Aim of the task
Each line below from the one containing "Used 2025 Kia" through the one containing "van straż 11cm z dźwiekiem wb 1036" should be output exactly as it stands, and no other line should appear.

Raw data
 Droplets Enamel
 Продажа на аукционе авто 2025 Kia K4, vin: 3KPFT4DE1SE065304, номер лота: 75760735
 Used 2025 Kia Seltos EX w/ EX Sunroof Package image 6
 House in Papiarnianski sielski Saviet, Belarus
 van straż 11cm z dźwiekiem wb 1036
---
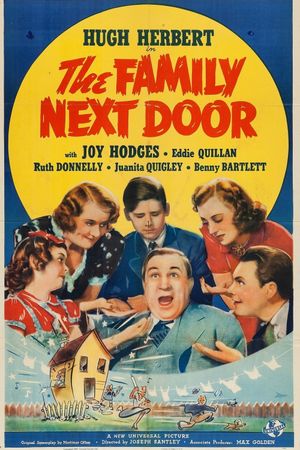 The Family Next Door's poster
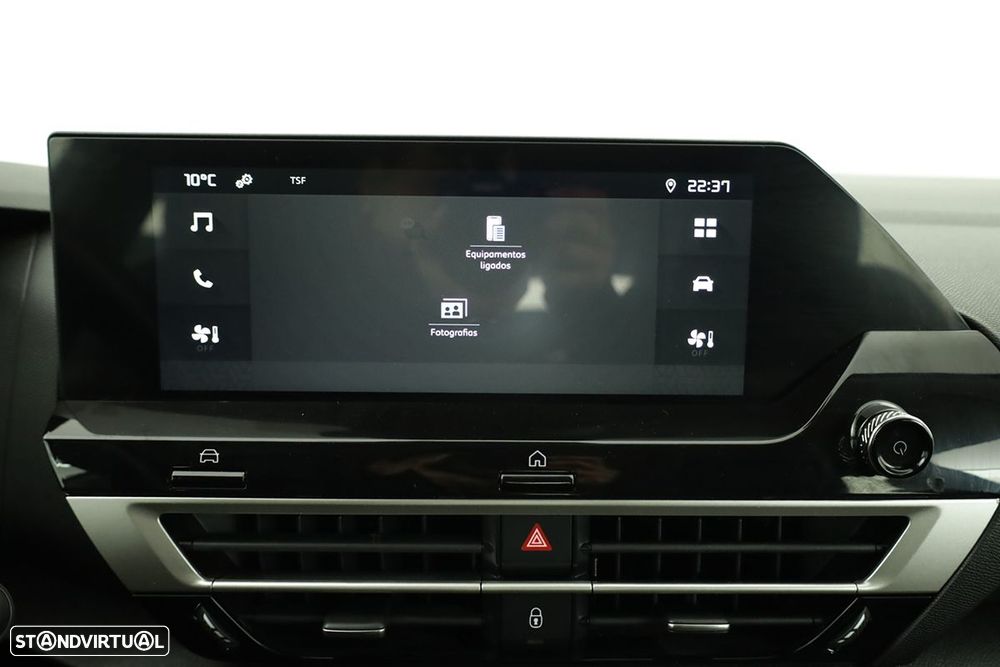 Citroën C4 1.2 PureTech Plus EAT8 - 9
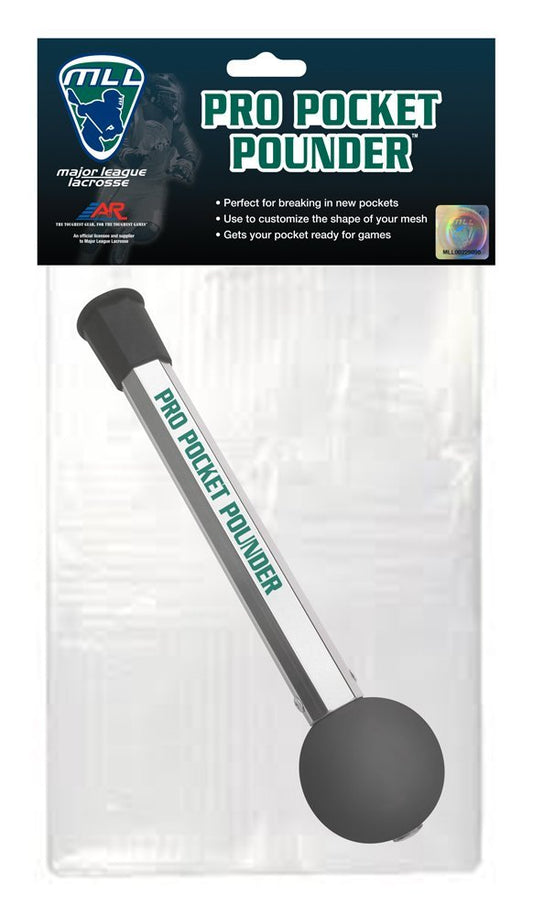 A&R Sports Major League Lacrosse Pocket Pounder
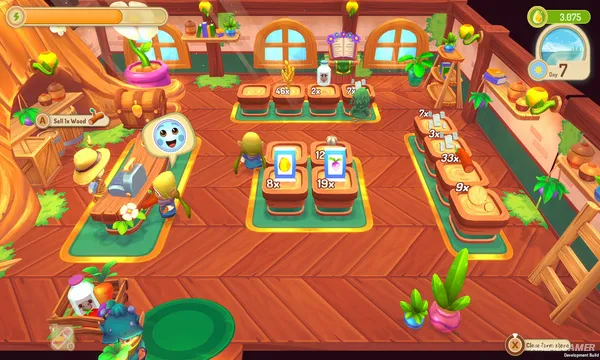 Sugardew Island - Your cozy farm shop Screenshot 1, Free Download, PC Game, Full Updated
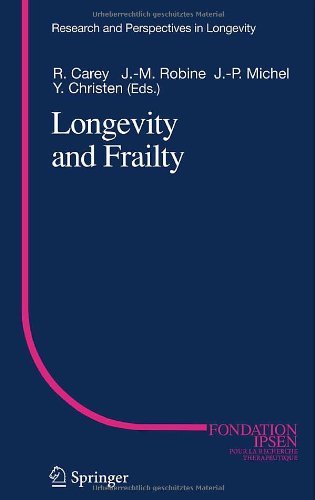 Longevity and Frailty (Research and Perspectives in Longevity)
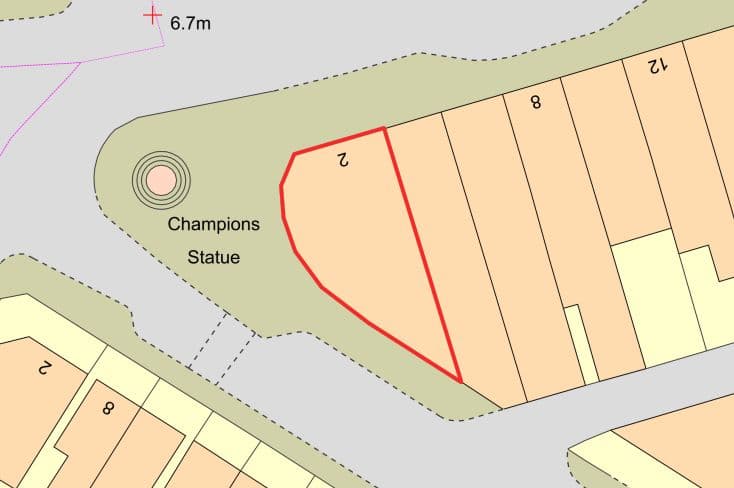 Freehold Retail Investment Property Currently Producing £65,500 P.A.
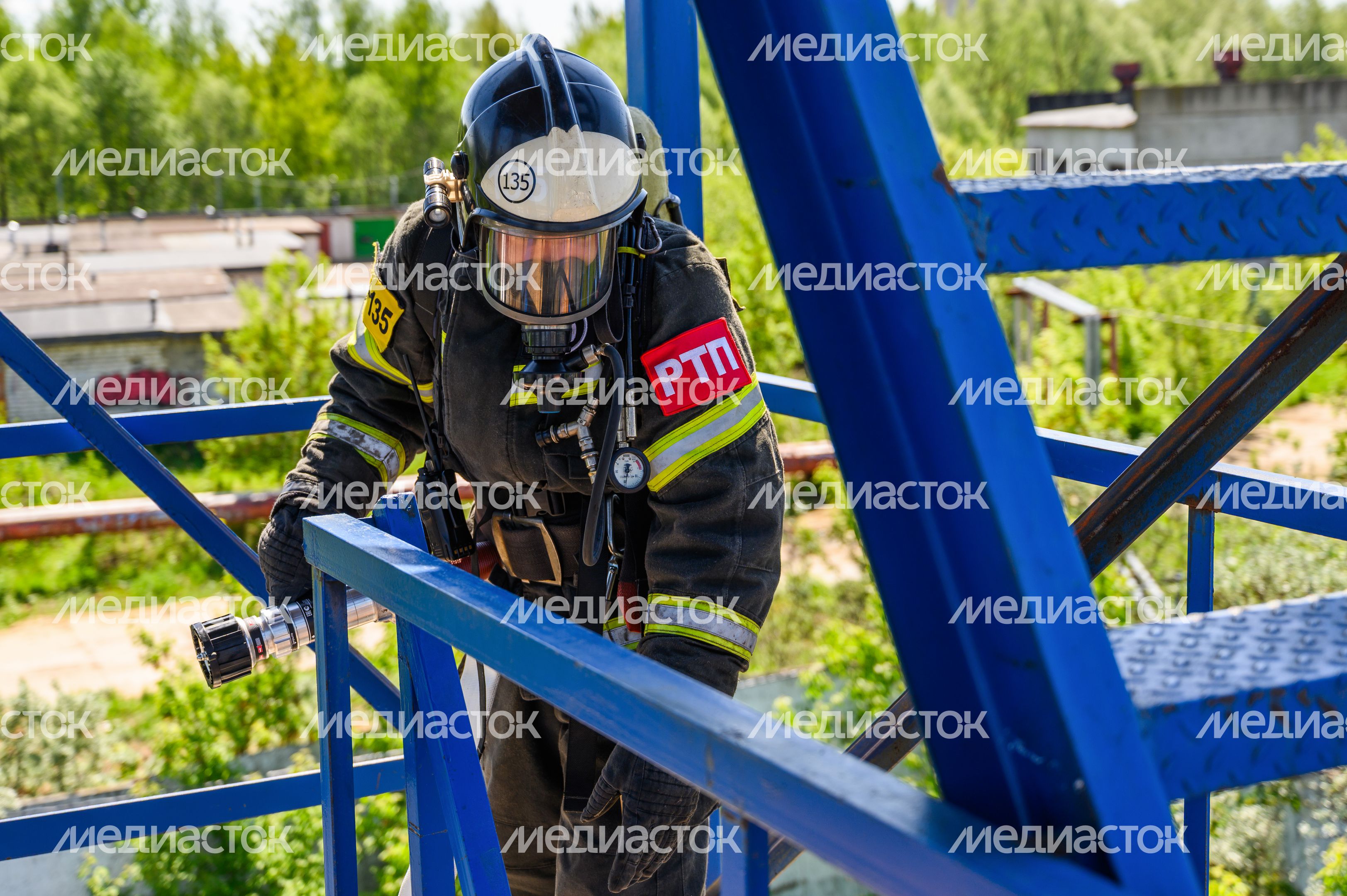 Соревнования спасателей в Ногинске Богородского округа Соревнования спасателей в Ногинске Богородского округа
--
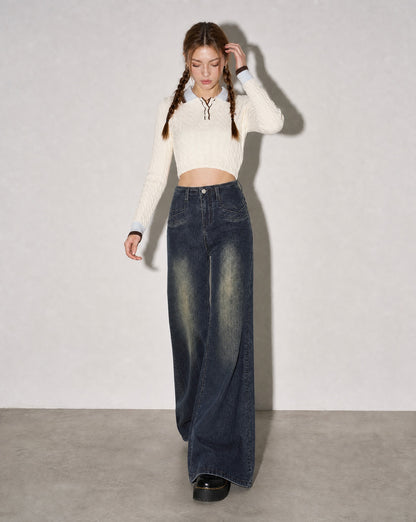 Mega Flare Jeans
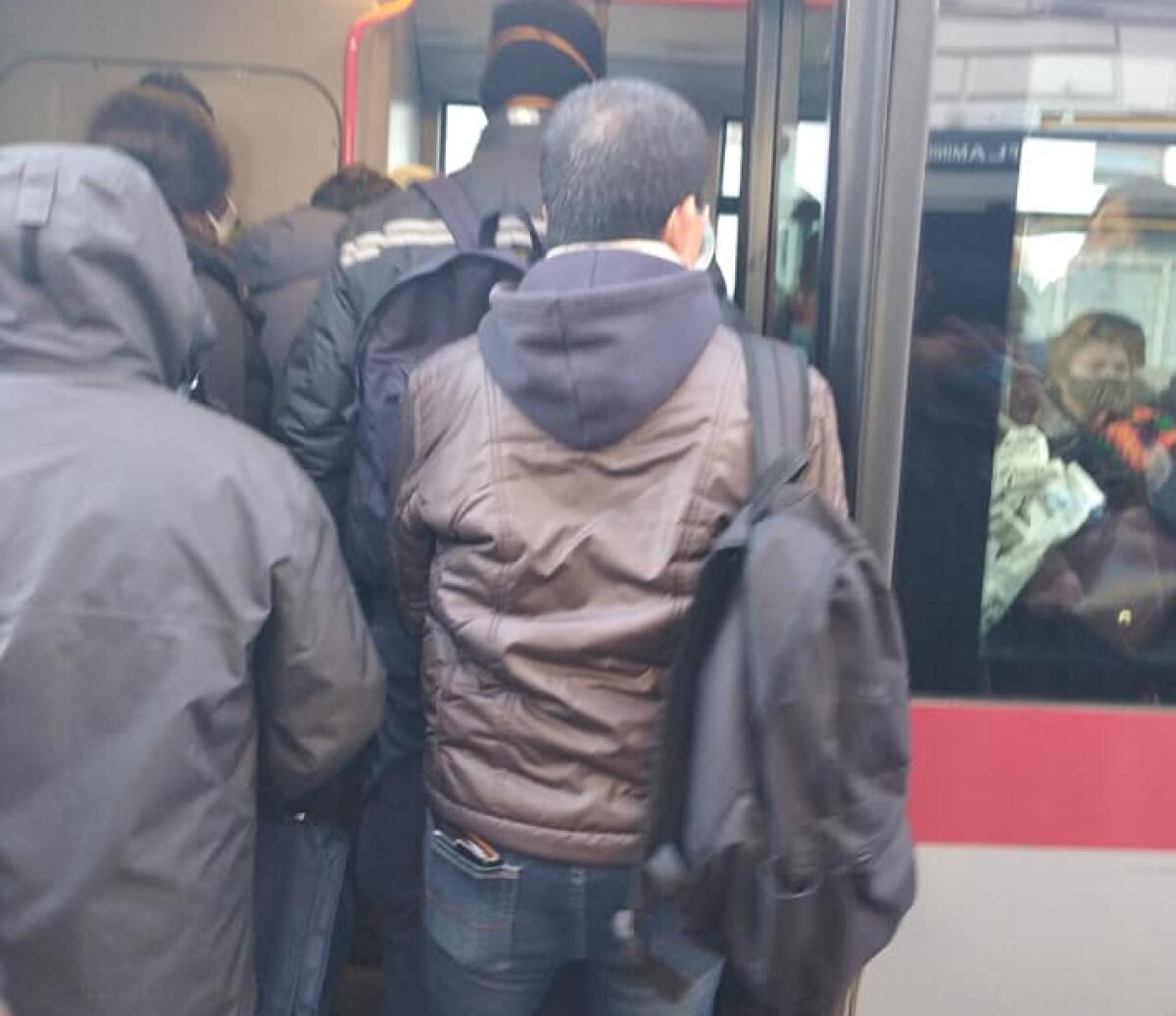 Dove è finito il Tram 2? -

Result of the task
 Used 2025 Kia Seltos EX w/ EX Sunroof Package image 6
 House in Papiarnianski sielski Saviet, Belarus
 van straż 11cm z dźwiekiem wb 1036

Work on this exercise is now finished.